Friday, November 16, 2007
Mexican frustration with U.S. immigration policy builds

Mexico's president Felipe Calderon announced a media campaign aimed at influencing American public opinion.
By JEREMY SCHWARTZ
COX NEWS SERVICE


MEXICO CITY Anger in Mexico is growing in the wake of a number of new state laws in the United States, including those in Georgia, Oklahoma and Arizona, considered by critics to be anti-Mexican - a shift likely reflected in President Felipe Calderon's verbal lashing this week of U.S. presidential candidates.

In tougher rhetoric towards U.S. immigration policies, Calderon scolded presidential candidates for using migrants as "thematic hostages" and announced a media campaign aimed at influencing American public opinion.

Calderon's comments represented a dramatic departure from the more timid statements of past leaders and were welcomed by many in Mexico.

"I think the current American government has gone too far against illegal Mexicans," said Fernando Garcia, a 36-year-old Mexico City office administrator. "I don't like the raids and how they destroy families (and)... the hate they are generating against Mexicans."

Such sentiment contrasts with the decidedly cooler reaction much of Mexico gave to the millions of immigrants who took to the streets of Washington, Los Angeles, Atlanta, Austin and other U.S. cities in the spring and summer of 2006 to demand an overhaul of immigration laws.

At that time, the seeming indifference and lack of supporting protests in Mexico irritated many migrant rights advocates.
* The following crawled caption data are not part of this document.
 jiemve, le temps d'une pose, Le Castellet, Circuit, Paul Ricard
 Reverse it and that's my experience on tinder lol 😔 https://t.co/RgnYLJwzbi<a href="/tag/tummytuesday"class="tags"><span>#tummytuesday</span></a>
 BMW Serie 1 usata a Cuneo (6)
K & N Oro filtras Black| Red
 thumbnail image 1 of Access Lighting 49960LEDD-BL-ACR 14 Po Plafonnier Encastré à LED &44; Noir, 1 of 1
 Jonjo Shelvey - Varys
But since then, immigration reform efforts on Capitol Hill have stalled, while a series of stiff state laws were enacted and the U.S. government started building a wall along the border.
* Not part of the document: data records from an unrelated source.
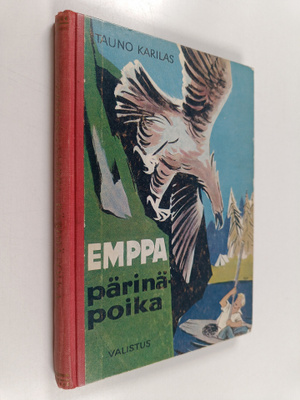 Tauno Karilas : Emppa pärinäpoika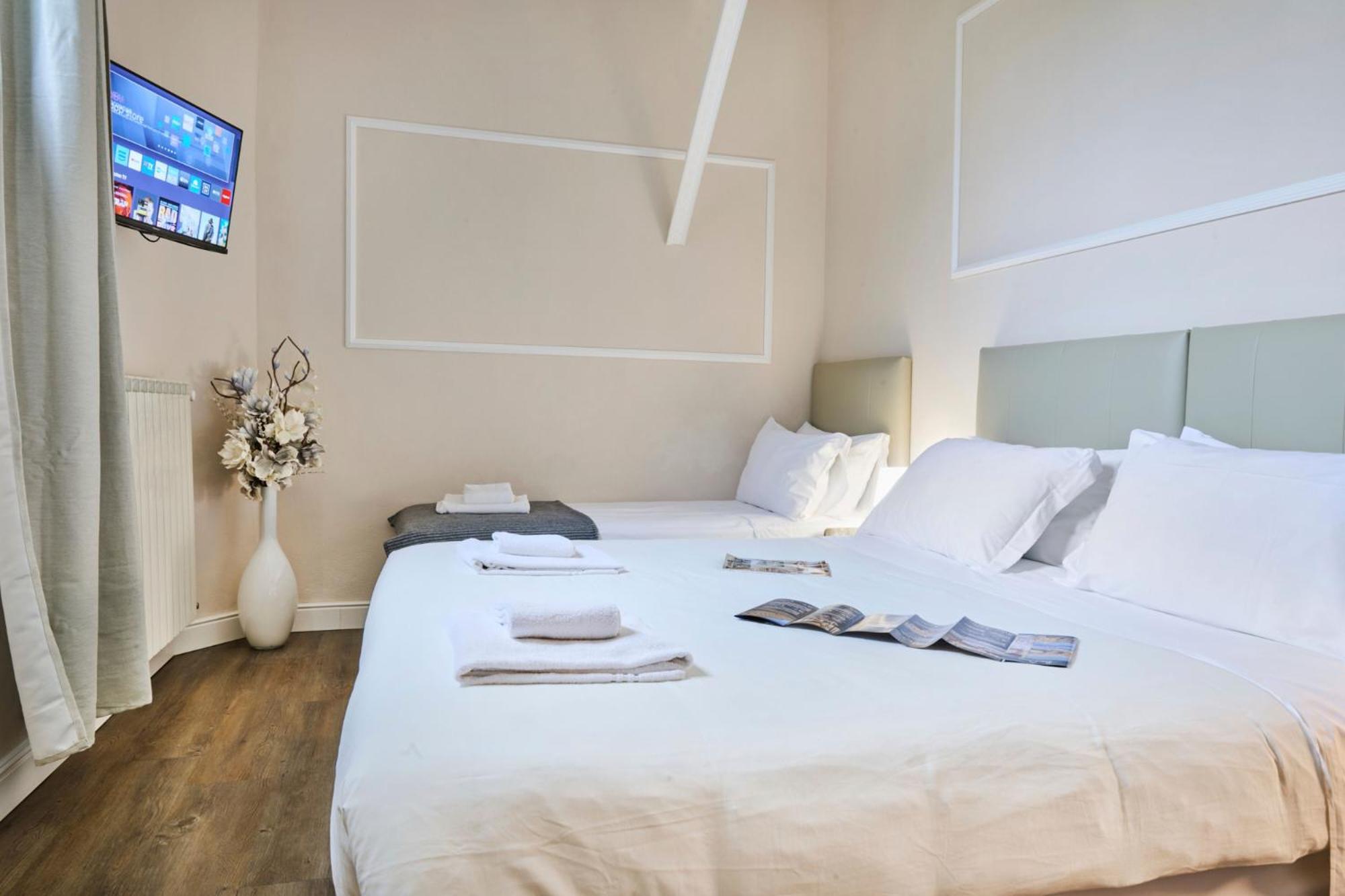 El Roy Garden Rooms Φλωρεντία Εξωτερικό φωτογραφία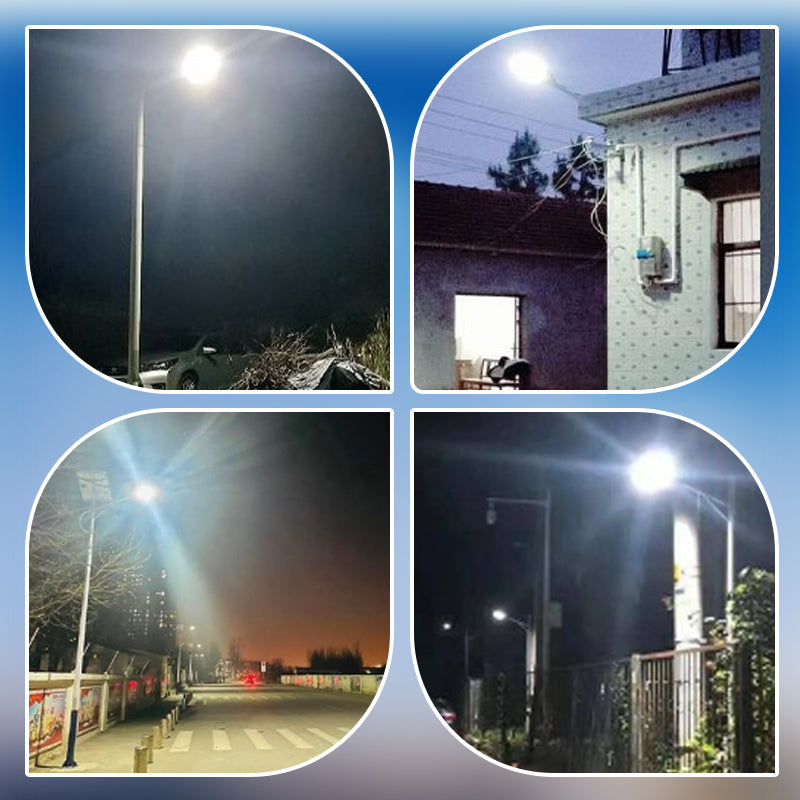 ☀️Solar Luz Exterior Impermeable Extra Brillante💡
In Georgia, new state laws require increased verification of legal status to register a car and hold some jobs. They also require that local officials alert federal immigration agents to any suspected illegal immigrants booked on felony or DUI charges.

Supporters in the United States say such laws are designed to curb illegal migration. But many in Mexico see them as discriminatory, while failing to address the larger issue of U.S. immigration policy.
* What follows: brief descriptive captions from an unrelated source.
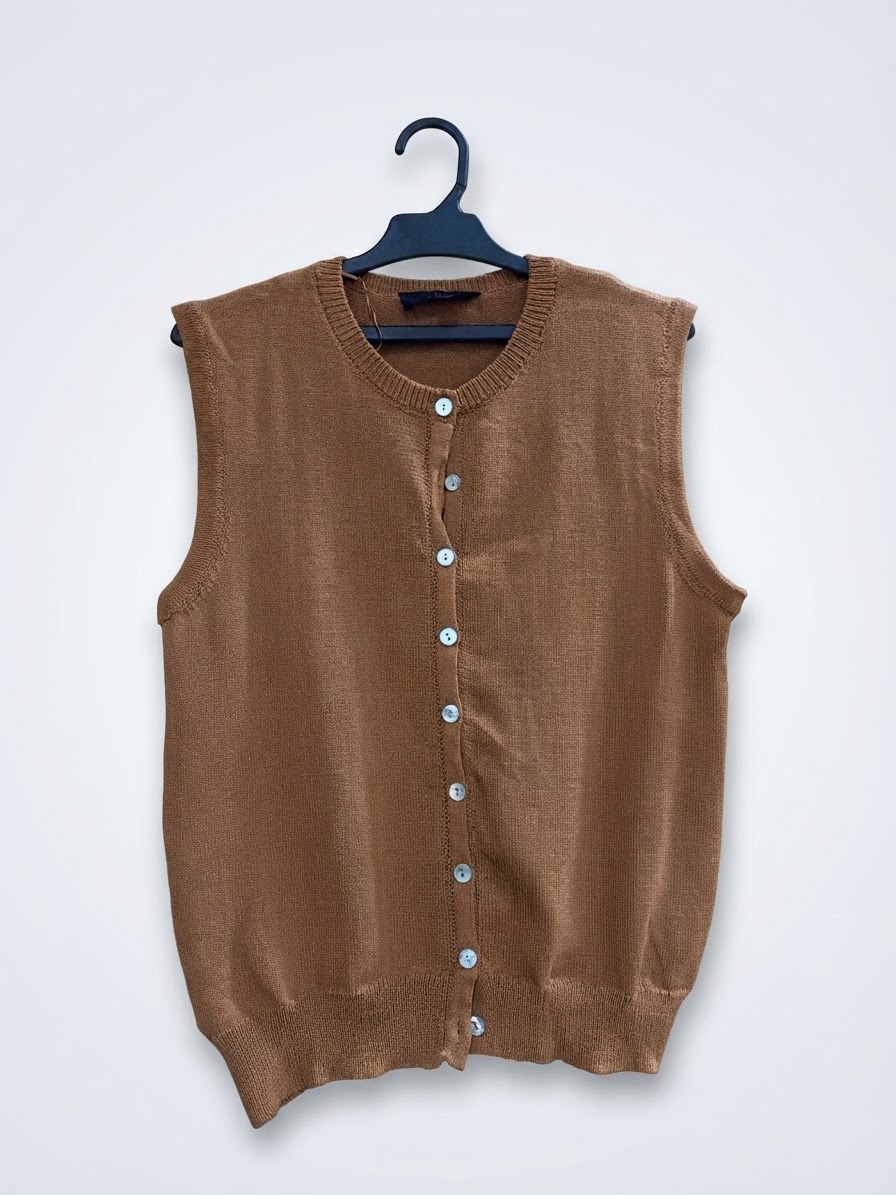 Gilet sans manches zara 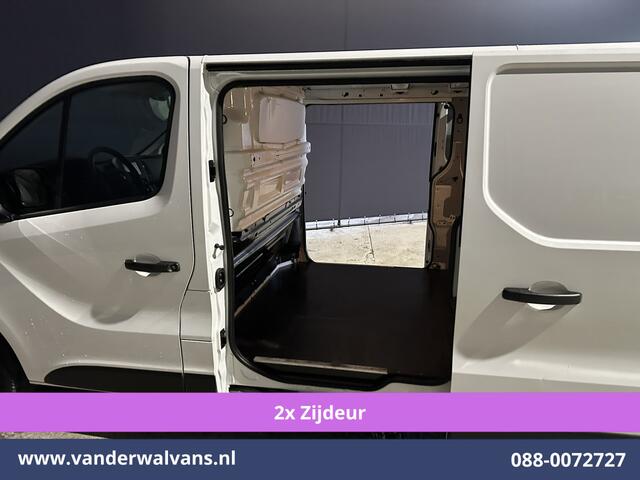 Renault TRAFIC 1.6 dCi 126pk L2H1 Euro6 Airco | 2x Zijdeur | Navigatie | Cruisecontrol | Trekhaak Parkeersensoren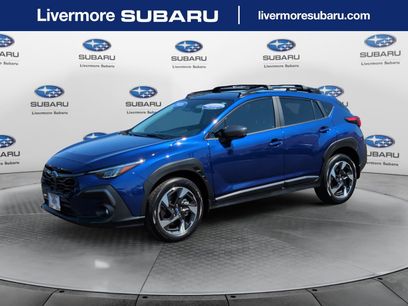 Used 2025 Subaru Crosstrek 2.5i Limited w/ Popular Package #4A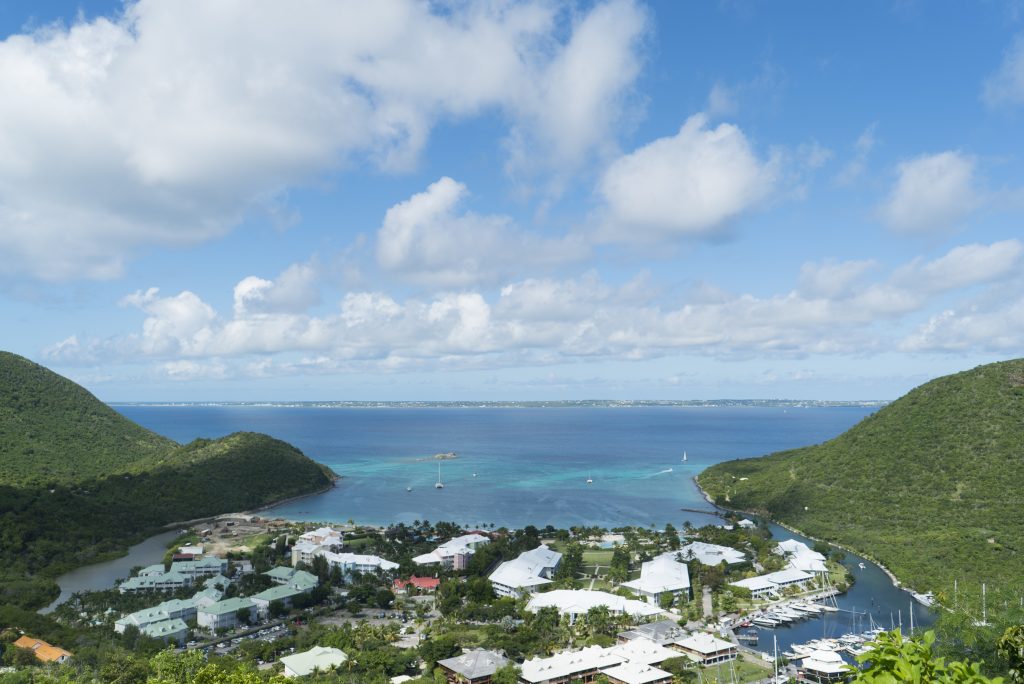 Anse Marcel Saint Martin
"Bush is the modern day Hitler, the same as the rest of his party," said Antonio Gonzalez, a 35-year-old Mexico City accountant. "They don't treat the Russians or English or other white Europeans like that, and so for me they are a bunch of racists."

The Calderon administration this week also blasted the U.S.-backed border wall, releasing a study labeling it "medieval," an environmental risk and calling on the U.S. Congress to re-think the idea.

Mexico, which often reacts with anger to even a hint of U.S. meddling in its internal affairs, has been loath to comment so directly on internal U.S. politics in recent years.

"Every day there is more demand for the Mexican government to take a stronger position," said Manuel Angel Castillo, coordinator of the Migration Seminary at the College of Mexico. "The immigration reform generated a lot of expectation, but as we all know that didn't happen. Instead they approved a series of undesirable actions and all these things are now creating a lot of irritation."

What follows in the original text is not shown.